In the video, the robot’s camera creeps through a dark pipe toward what looks like two faint lights in the distance. Those lights turn out to be eyes. The gator rears up, mouth open, holds its ground just long enough to make its point, then turns and disappears deeper into the pipe. The robot gives chase before getting lodged in an indentation, and just like that, the alligator is gone. Back to whatever it was doing down there.
How Did the Alligator Even Get in the Sewers?
Officials believe the gator entered through one of the city’s stormwater ponds, which feed into the 75-mile drainage network running beneath Oviedo. “Thank goodness our crews have a robot,” the city wrote, which is also a sentence that has never been more justified.

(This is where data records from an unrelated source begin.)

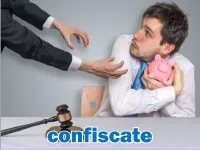 Định nghĩa của từ <b>confiscate</b>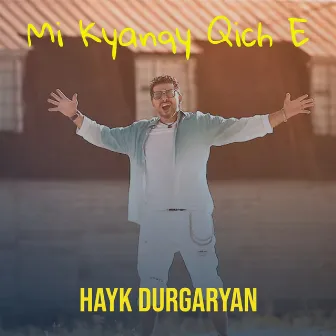 Mi Kyanqy Qich E by Hayk Durgaryan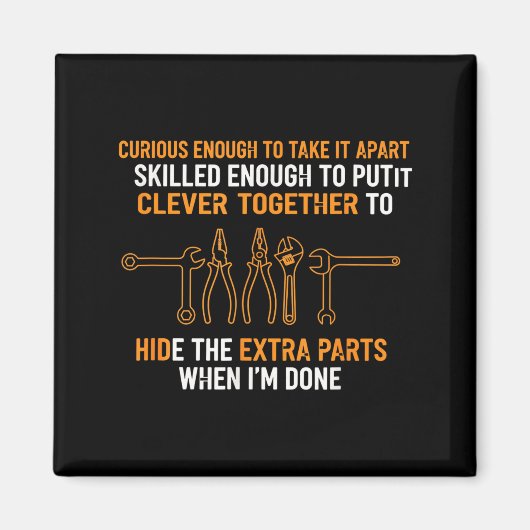 Mechanic Curious Enough To Take It Apart Funny Aut マグネット (正面)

For anyone who grew up convinced that alligators in the sewer was strictly a New York City myth, Florida residents in the comments were happy to clarify that this is, in fact, a known thing down here. The urban legend that inspired the 1980 B-movie “Alligator” and got a famous shoutout in “E.T.” has apparently been Florida’s lived reality for a while.
New York isn’t entirely off the hook either. In 2010, an 18-inch alligator crawled out of a storm drain in Queens and took cover under a parked car. This past February, a four-foot gator turned up in Prospect Park Lake in Brooklyn, later found to have a bathroom stopper in its stomach—a detail that raises more questions than it answers.
The Oviedo alligator, for its part, remains somewhere in the pipe system. Unnamed, untagged, and apparently unbothered.